Je pense bien avoir fait mon "coming out" il y a de ça une dizaine d’années et peut-être même un peu plus. Alors que j’entamais allègrement la quarantaine, j’avais senti que mes semblables me mettaient en quarantaine. Aujourd’hui, les 50 ans bien sonnés, je suis toujours en quarantaine et, à ce que je sache, je ne suis pas malade… Alors que d’autres, et c’est bien triste de le rappeler, eh bien si… Je n’ai jamais été une bête de sexe qui saute sur tout ce qui bouge et qui entre dans les normes bien définies de ce qui est politiquement "gay-baisable". À mon époque (il faut bien que je parle ainsi puisque je me sens comme un dinosaure), ces critères-là n’existaient pas et "criss" qu’on avait du fun à baiser…

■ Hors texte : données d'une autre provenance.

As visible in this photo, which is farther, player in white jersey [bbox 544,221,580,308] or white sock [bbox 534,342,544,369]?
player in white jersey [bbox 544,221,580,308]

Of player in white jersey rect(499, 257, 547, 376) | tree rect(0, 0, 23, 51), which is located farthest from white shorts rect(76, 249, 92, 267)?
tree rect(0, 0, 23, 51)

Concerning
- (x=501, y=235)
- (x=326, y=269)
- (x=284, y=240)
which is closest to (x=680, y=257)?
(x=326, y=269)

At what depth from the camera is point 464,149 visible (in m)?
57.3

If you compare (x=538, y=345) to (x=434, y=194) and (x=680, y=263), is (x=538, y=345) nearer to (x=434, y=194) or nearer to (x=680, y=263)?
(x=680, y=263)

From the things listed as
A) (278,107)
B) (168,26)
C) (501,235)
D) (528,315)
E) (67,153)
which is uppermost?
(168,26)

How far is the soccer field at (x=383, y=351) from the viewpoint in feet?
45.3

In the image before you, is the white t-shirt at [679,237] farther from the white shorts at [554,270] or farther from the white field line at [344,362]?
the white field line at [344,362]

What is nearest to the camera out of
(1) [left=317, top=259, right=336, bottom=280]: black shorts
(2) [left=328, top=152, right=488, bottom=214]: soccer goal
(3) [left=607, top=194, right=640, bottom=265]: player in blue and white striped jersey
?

Je n’ai jamais été le dieu grec, imberbe au corps parfait que toute la communauté gay adule depuis tant d’années. Je n’étais pas un gars moche. Entre 27 et 40 ans, je nageais plus d’un kilomètre par jour, en plus de courir. J’avais la forme et je ne fumais pas. Maintenant que j’ai 51 ans et des poussières et que je me suis passablement bien "affiné", je ne me trouve pas vilain du tout si je me compare à d’autres qui ont le même âge que moi. Pourtant, ça fait tout un bail que je sèche sur la tablette.

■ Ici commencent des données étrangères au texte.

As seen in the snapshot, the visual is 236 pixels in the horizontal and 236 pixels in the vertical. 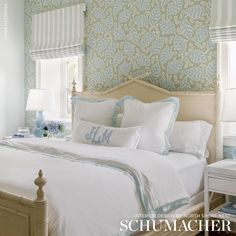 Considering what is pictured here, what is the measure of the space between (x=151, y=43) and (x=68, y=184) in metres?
2.13

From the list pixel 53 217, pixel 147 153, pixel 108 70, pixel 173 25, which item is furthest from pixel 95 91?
pixel 53 217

Les 40 ans arrivés, je n’ai plus jamais cadré dans le décor. J’avais beau m’intéresser à des gars de mon âge, rien à faire… Ça fait donc longtemps que j’ai compris que je n’avais plus ma place parmi les miens. Je me regardais dans la glace et pourtant je n’arrivais pas à voir cette date d’expiration qui devait bien être inscrite sur mon front puisque tous semblaient la voir. Nul ne se doute, mais le mythe du beau corps peut parfois être trompeur. Chez les gays, la minceur masquée de muscles bien découpés peut cacher une autre réalité… Le tissu adipeux, même s’il n’a plus la cote, ne trompe pas, lui. Et pourtant, ce que la vue d’un corps à la limite du poids santé peut en faire grimacer plus d’un si celui-ci ne respecte pas les "NORMES" gay de beauté déjà préétablies par ceux qui en ont décidé ainsi.

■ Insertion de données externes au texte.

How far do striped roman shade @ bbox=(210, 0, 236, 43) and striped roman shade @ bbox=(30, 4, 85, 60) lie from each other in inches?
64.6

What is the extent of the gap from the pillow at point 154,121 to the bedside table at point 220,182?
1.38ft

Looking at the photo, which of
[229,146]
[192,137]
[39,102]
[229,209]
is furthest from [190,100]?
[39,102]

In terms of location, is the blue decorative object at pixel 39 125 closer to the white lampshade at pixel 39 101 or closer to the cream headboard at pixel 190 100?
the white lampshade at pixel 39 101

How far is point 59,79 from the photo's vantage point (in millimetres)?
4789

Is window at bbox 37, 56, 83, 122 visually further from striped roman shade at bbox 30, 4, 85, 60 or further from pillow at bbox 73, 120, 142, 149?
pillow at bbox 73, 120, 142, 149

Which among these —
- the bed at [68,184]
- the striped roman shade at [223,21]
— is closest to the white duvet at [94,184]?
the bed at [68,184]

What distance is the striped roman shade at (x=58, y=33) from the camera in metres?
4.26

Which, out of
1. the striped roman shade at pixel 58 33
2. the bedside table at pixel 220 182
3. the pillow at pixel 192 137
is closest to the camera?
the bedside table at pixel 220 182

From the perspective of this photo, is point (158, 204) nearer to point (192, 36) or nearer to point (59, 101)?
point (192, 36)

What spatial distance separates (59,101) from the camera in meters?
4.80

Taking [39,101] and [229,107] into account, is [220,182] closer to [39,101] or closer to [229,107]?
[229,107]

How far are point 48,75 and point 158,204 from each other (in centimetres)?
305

Petit à petit, je me suis éloigné des endroits gay, me contentant des parcs et des buissons. Mais passer des heures à la noirceur jusque très tard la nuit, à arpenter des sous-bois en quête de plaisir, pas trop pour moi, merci… Pas la brunante, la noirceur totale que ça prenait pour arriver à tomber sur un comparse des plus dédaigneux. Et quel travail il fallait pour en arriver là. Et de plus, d’un tel ennui… D’autant plus que pour arriver à mes fins, chaque fois ou presque, je devais accuser une avalanche de refus des plus humiliants. Aye! ce que l’ego peut en prendre un coup dans ce temps-là. Non, c’était vraiment pas mon truc, ça non plus…
J’ai alors compris que je devais faire mon "coming out"… Je me suis donc raisonné et je me suis retiré tout doucement… Je suis sorti de ce milieu. Je me suis fait mon "coming out" à moi.
Depuis, ma main, et quelques films pornos ont très vite su remplacer ce que très souvent je m’évertuais à chercher Je dois dire que ça ne me manque pas du tout. Bien que, pour être honnête, je vous dirais: oui je suis seul et oui je fantasme beaucoup.
Je pense au bon vieux temps où il faisait bon être gay.